Brava, Deirdre McCloskey, For Avoiding The Primary Rhetorical Failing of Our Times
Deirdre McCloskey wrote a truly massive review, and in some senses a rebuttal, of Thomas Piketty's Capital in the Twenty-First Century
I am not really going to comment on the details of her paper -- many prominent economists have already done so. I will say that I learned a lot from it not just about Piketty's proposition but about economic history in general. It is an interesting read.
No, what I wanted to comment on -- in this era when rebuttals usually take the form of impugning the other person's funding, integrity, honesty, and motivations rather than their actual arguments -- is that she begins her article with this:
It has been a long time (how does “never” work for you?) since a technical treatise on economics has had such a market. An economist can only applaud. And an economic historian can only wax ecstatic. Piketty’s great splash will undoubtedly bring many young economically interested scholars to devote their lives to the study of the past.....

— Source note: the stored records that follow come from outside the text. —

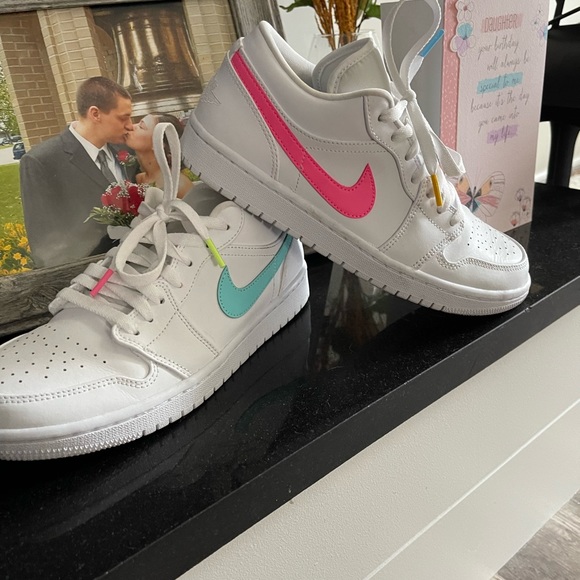 Nike Jordan sneakers - Picture 1 of 3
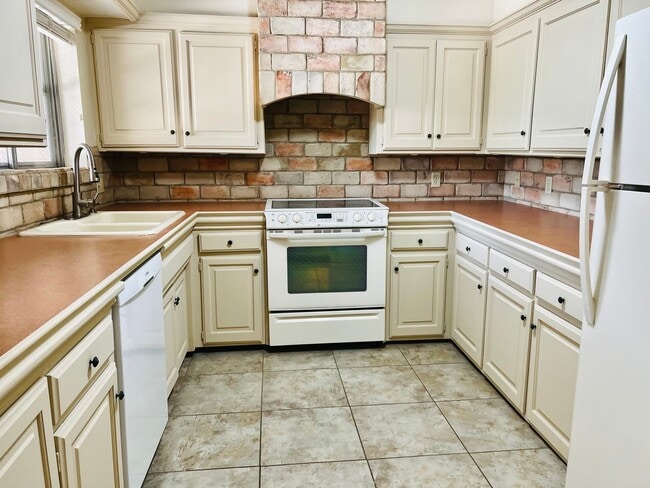 Foto del edificio - Beautiful 2BD 2BA Town-Home near Nichols Hills in Glen Brook!!!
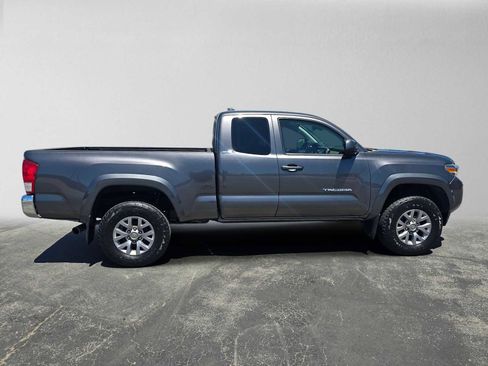 Used 2017 Toyota Tacoma SR5 AWD/4WD image 2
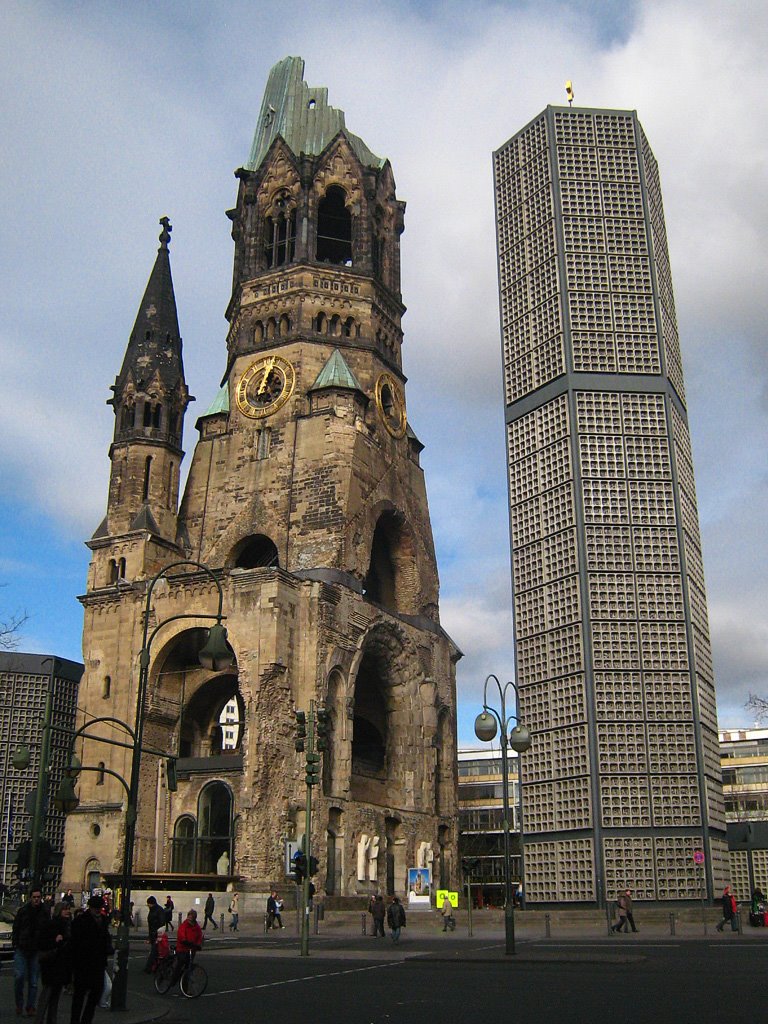 Kaiser Wilhelm Memorial Church by CarmelH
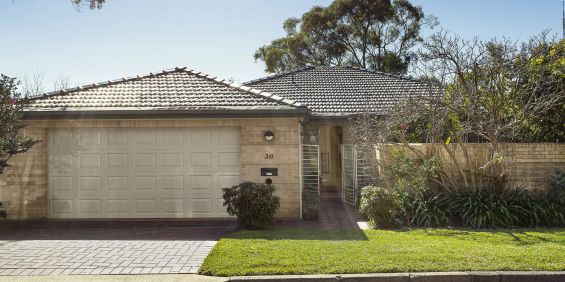 North-Facing, Impeccably Renovated Five Bedroom Family Home Close to Everything - Photo 3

It is an honest and massively researched book. Nothing I shall say—and I shall say some hard things, because they are true and important—is meant to impugn Piketty’s integrity or his scientific effort. The book is the fruit of a big collaborative effort of the Paris School of Economics, which he founded, associated with some of the brightest lights in the techno-left of French economics. Hélas, I will show that Piketty is gravely mistaken in his science and in his social ethics. But so are many economists and calculators, some of them my dearest friends.